EXERCISE DESCRIPTION →
What you return should be the lines from the one with "Christmas car christmas tree watercolor." through the one with "Persona con llaves" in the data below, reproduced exactly with both ends, and no pictures at all.

[Short web captions]
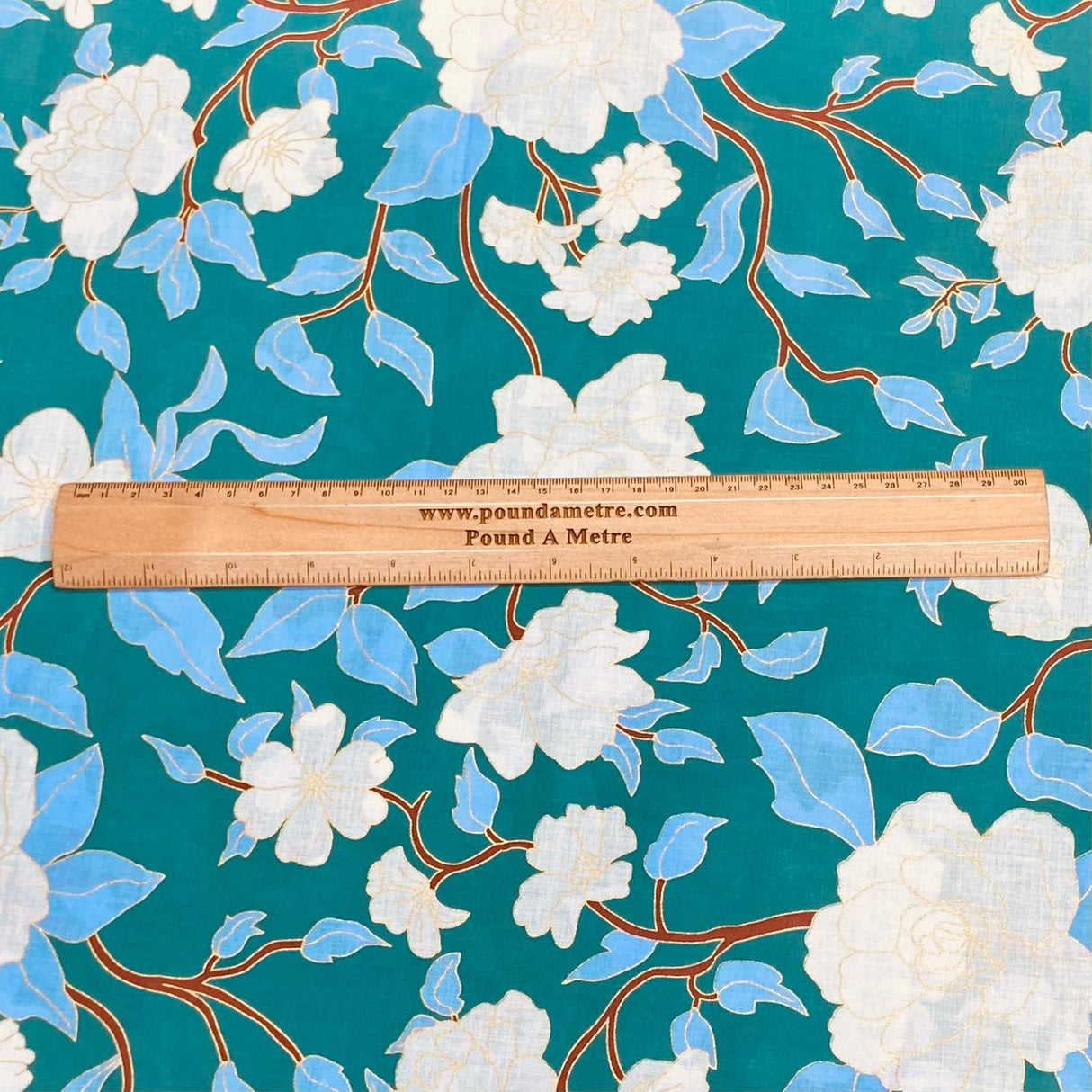 Pound A Metre Per Metre Luxury Dressmaking 100% Digital Printed Cotton Lawn- 55" (Green)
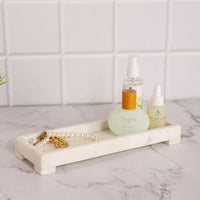 Handcrafted Marble Tray for Vanity, Bathroom & Home Decor — thumbnail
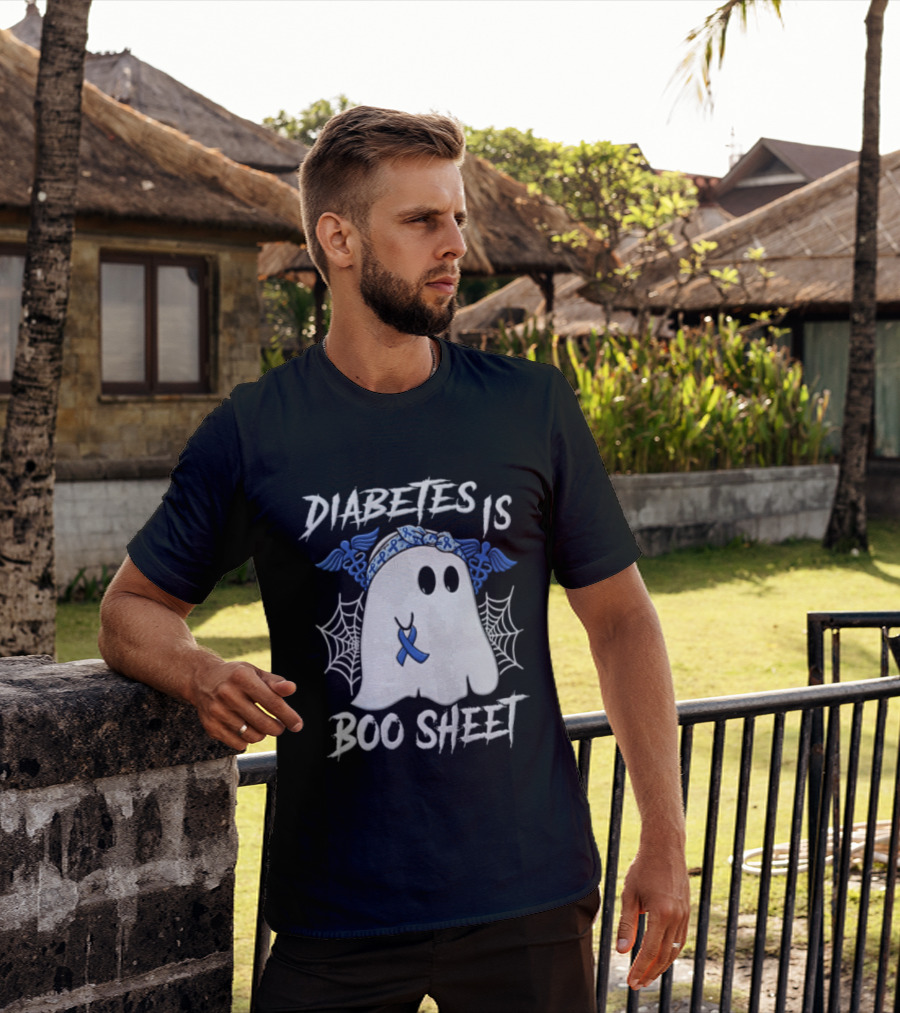 Diabetes IS BOO Sheet Ghost With Blue Ribbon Headband Halloween T-Shirt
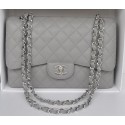 Chanel Jumbo Double Flaps Bag Grey Cannage Pattern A36097 Silver JK191hT91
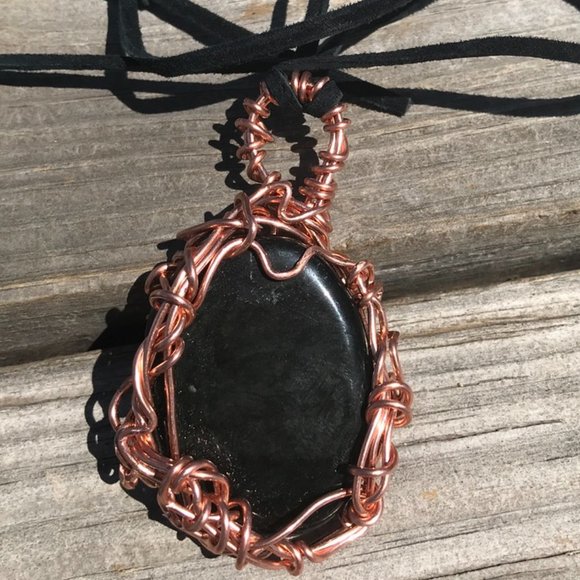 Conceptual Subculture Jewelry - Black Obsidian Solid Copper Pendant Leather Necklace Handmade Artisan Wire Wrap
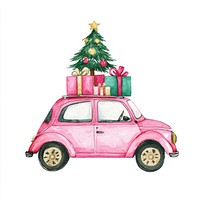 Christmas car christmas tree watercolor.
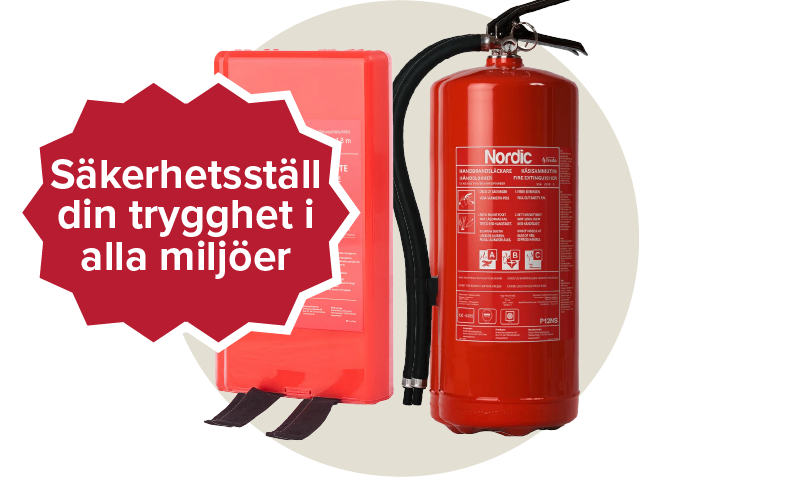 En röd brandfilt och brandsläckare med instruktioner på hur de används. Etikett: Säkerhetsställ din trygghet i alla miljöer.
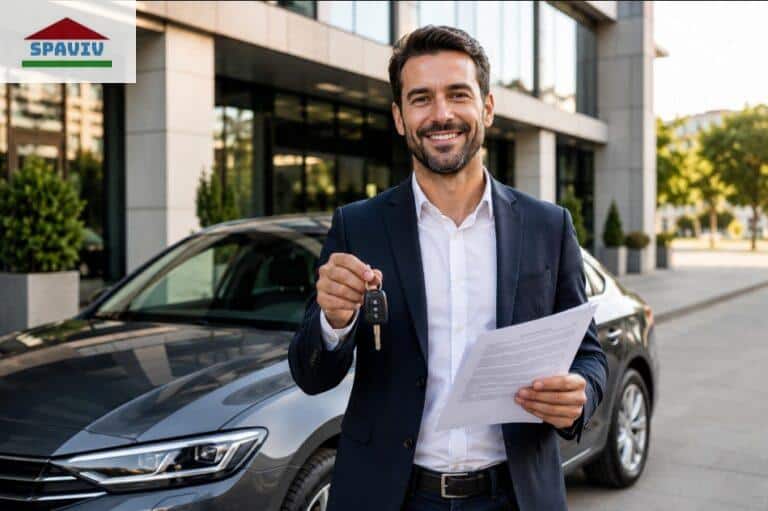 Persona con llaves de coche y documentos para solicitar un crédito por su coche
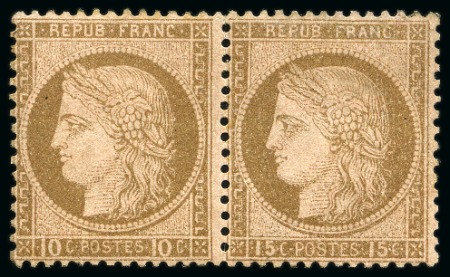 Stamp of France » Emission Cérès 1871-72 Cérès ERREUR 15c au lieu de 10c brun sur rose tenant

THE ANSWER →
 Christmas car christmas tree watercolor.
 En röd brandfilt och brandsläckare med instruktioner på hur de används. Etikett: Säkerhetsställ din trygghet i alla miljöer.
 Persona con llaves de coche y documentos para solicitar un crédito por su coche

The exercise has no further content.